- What the exercise asks:
Below are lines of records; copy exactly those from the one containing "Ruusu tekokukka punainen - Tekokukat.fi" through the one containing "3d Printed Desk Goose", leaving the pictures behind.

- Extracted entries:
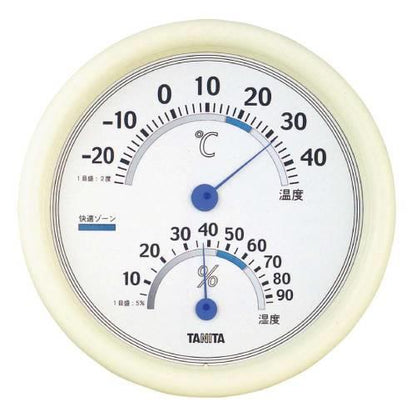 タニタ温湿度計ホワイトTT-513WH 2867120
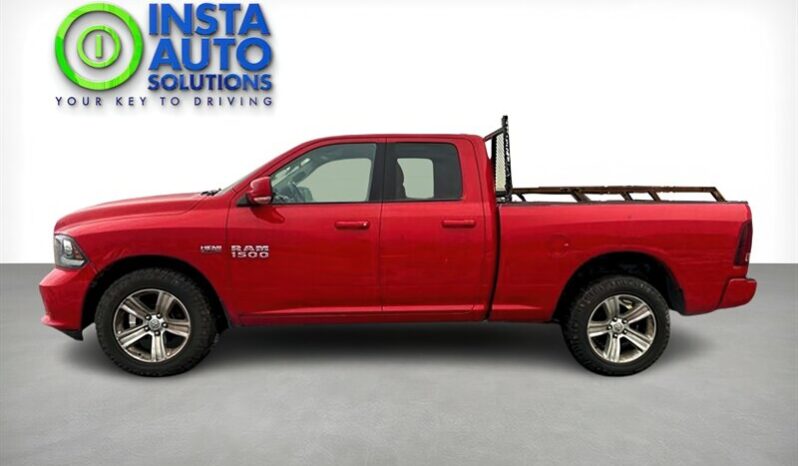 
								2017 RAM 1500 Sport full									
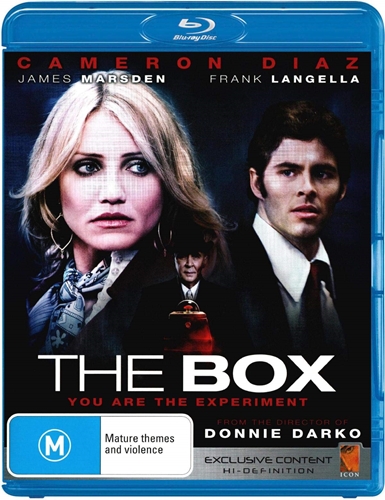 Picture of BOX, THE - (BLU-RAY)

==

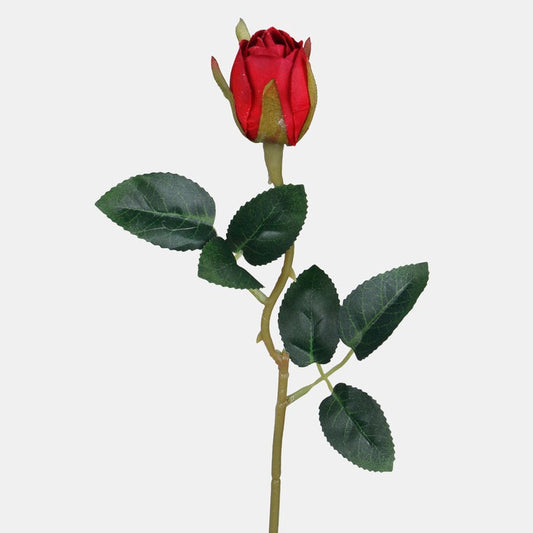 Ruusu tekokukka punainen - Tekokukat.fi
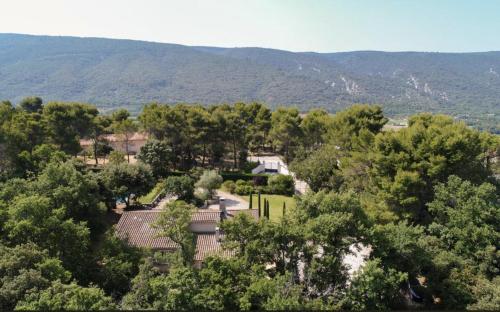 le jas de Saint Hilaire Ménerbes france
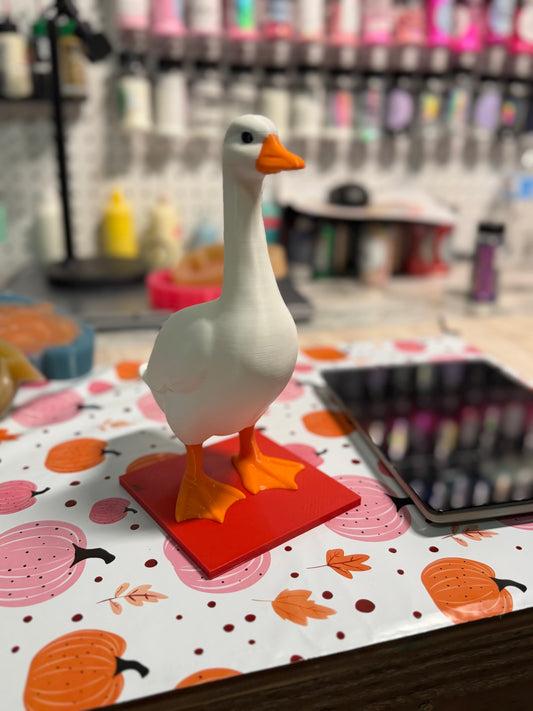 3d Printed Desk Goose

- Output for this exercise:
 Ruusu tekokukka punainen - Tekokukat.fi
 le jas de Saint Hilaire Ménerbes france
 3d Printed Desk Goose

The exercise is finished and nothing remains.